论文标题
在多维空间中解散方程溶液的明确公式
The explicit formula for solution of anomalous diffusion equation in the multi-dimensional space
论文作者
论文摘要
本文旨在在无限域中的无限初始条件和无穷大的无限初始条件和消失的无限域中获得$ n $维异常扩散方程的显式解决方案。结果表明,该方程可以从抛物线内部差异方程中得出,其中内核为$ t^{ - α} e_ {1-α,1-α,1-α,1-α}( - t^{1-α}),α\ in(in(0,1),$ e_ phere $ e_ {$ e_ {ag ag ins $ e_ n is n is n is n s n s n s n s n s n s n s n s n s n is米the。基于拉普拉斯(Laplace)和傅立叶(Fourier)改变了FOX H功能和卷积定理的特性,可获得异常扩散方程的显式解决方案。

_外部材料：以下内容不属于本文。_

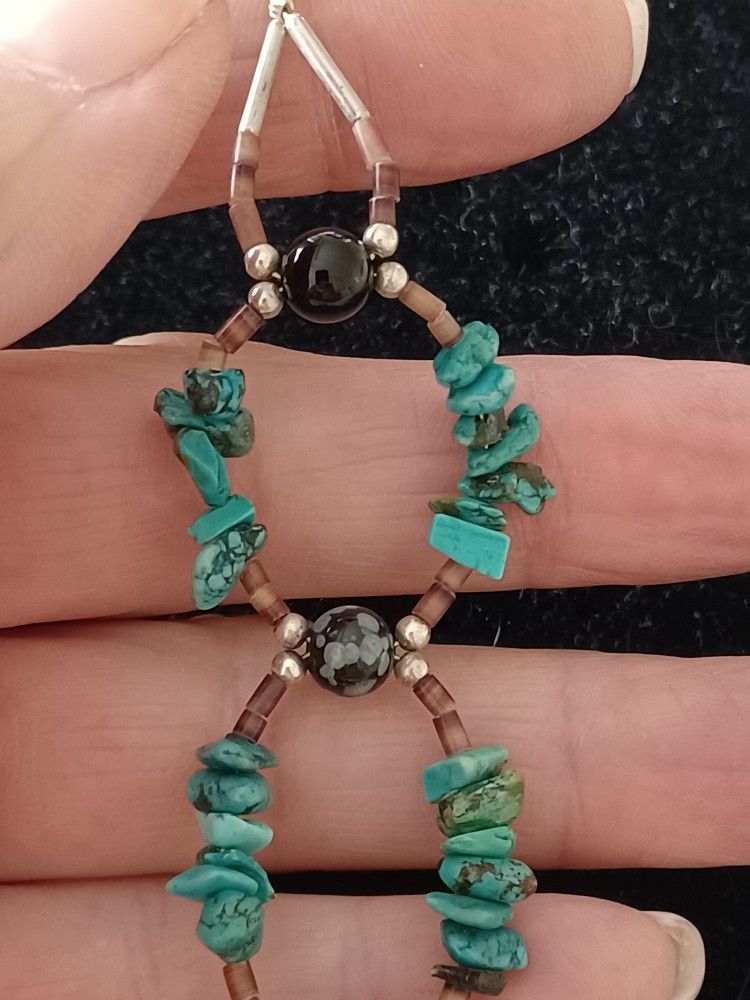 Vtg.Native Sterling Silver Turquoise &heishi & Onyx Bracelet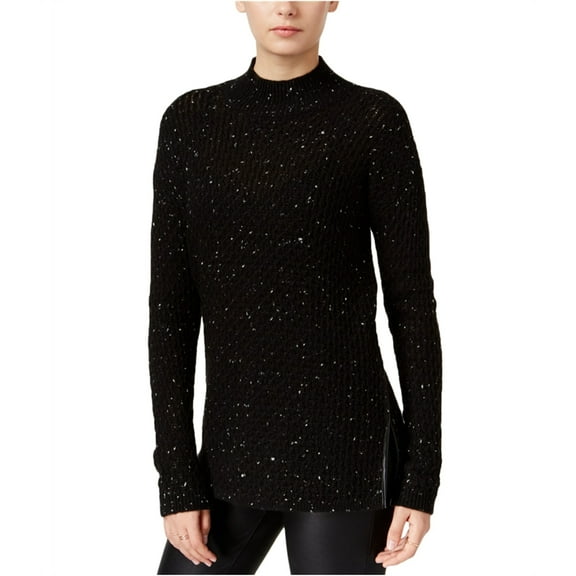 Bar III Faux Leather Trim Mock Neck Sweater Black Combo S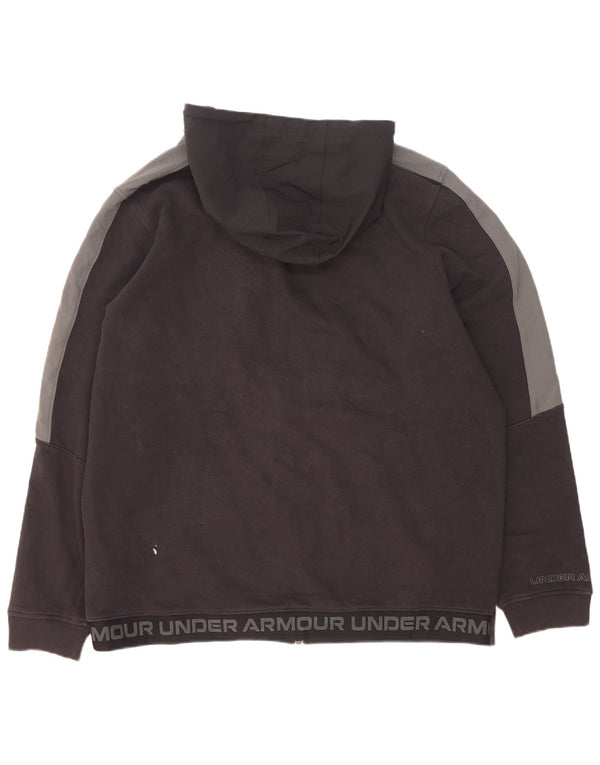 Under Armour Herre grafisk hættetrøje med lynlås 2XL Sort Colourblock Bomuld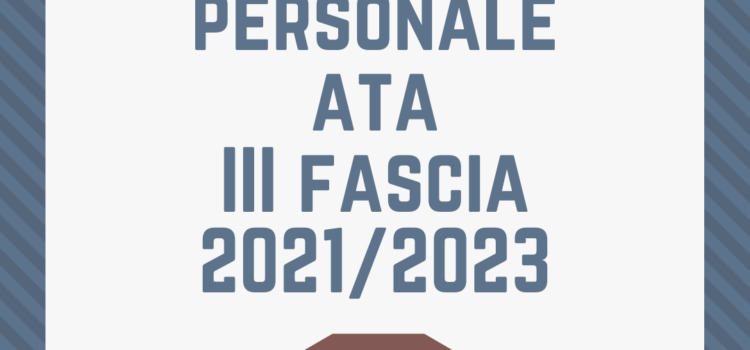 GRADUATORIE PERSONALE ATA DI TERZA FASCIA TRIENNIO 2021/2023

This paper intends on obtaining the explicit solution of $n$-dimensional anomalous diffusion equation in the infinite domain with non-zero initial condition and vanishing condition at infinity. It is shown that this equation can be derived from the parabolic integro-differential equation with memory in which the kernel is $t^{-α}E_{1-α, 1-α}(-t^{1-α}),α\in(0, 1),$ where $E_{α, β}$ is the Mittag-Liffler function. Based on Laplace and Fourier transforms the properties of the Fox H-function and convolution theorem, explicit solution for anomalous diffusion equation is obtained.